## WORK ORDER:
Everything from the line containing "Brushed brass Round" through the line containing "4pcs Bathroom Accessories" in the listing below should be copied exactly, and nothing more.

****

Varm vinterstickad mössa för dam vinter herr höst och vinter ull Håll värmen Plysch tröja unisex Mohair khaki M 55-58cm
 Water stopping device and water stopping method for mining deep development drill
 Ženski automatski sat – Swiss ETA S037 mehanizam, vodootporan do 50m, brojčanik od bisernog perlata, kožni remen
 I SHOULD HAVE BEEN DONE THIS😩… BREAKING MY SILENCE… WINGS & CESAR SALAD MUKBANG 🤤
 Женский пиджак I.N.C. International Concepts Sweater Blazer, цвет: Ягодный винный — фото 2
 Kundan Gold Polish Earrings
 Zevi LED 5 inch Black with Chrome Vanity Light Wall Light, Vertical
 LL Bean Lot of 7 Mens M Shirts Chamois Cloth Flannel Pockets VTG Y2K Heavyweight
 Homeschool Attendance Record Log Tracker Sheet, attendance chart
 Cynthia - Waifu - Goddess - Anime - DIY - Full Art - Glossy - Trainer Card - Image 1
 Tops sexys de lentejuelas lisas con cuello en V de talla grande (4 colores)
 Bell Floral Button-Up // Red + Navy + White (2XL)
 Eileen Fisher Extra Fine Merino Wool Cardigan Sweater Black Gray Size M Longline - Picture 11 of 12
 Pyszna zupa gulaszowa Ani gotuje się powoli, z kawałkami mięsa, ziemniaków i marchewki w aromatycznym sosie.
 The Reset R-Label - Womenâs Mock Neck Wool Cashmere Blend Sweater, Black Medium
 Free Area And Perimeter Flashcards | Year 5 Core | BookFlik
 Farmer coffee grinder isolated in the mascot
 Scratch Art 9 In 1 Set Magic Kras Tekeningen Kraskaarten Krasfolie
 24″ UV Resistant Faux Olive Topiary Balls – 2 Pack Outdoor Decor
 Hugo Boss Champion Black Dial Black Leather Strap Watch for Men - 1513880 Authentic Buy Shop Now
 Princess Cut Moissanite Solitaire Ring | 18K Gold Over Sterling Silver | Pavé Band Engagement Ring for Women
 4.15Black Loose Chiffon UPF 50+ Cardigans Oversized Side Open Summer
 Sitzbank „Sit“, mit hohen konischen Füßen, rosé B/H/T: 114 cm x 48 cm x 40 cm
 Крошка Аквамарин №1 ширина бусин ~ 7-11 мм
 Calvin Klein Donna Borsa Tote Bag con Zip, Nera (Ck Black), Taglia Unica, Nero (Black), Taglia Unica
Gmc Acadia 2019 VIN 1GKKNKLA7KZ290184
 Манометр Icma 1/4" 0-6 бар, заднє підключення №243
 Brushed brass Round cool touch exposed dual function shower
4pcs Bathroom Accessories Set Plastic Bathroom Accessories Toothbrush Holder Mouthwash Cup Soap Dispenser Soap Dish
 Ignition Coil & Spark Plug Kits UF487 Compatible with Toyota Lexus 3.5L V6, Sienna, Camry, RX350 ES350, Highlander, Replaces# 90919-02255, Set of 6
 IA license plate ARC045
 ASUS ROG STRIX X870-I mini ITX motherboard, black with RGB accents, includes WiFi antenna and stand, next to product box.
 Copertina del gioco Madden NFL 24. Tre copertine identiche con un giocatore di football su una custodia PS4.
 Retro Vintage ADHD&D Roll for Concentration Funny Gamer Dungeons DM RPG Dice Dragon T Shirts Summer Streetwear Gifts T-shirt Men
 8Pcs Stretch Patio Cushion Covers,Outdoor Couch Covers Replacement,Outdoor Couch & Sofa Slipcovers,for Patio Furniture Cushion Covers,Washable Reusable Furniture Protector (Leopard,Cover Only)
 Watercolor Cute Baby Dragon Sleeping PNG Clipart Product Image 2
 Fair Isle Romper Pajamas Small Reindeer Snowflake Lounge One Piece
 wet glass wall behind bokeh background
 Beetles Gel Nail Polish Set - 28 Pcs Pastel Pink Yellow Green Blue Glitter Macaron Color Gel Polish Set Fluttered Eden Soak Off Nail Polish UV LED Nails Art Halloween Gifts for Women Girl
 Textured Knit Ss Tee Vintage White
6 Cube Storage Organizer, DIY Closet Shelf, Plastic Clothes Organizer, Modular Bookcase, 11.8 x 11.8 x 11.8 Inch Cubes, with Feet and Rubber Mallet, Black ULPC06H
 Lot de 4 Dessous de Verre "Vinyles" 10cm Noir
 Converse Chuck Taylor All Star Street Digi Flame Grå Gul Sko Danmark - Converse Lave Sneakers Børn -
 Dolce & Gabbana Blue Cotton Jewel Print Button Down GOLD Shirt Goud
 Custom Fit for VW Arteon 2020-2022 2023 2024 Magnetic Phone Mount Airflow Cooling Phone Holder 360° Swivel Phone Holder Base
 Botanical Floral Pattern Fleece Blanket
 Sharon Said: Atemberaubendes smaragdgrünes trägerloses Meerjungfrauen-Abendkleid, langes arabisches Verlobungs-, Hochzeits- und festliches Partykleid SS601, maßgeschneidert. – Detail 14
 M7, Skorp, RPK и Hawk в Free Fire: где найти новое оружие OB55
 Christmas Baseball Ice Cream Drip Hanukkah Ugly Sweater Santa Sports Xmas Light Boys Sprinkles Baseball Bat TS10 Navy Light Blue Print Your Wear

****

## RESULT:
 Brushed brass Round cool touch exposed dual function shower
4pcs Bathroom Accessories Set Plastic Bathroom Accessories Toothbrush Holder Mouthwash Cup Soap Dispenser Soap Dish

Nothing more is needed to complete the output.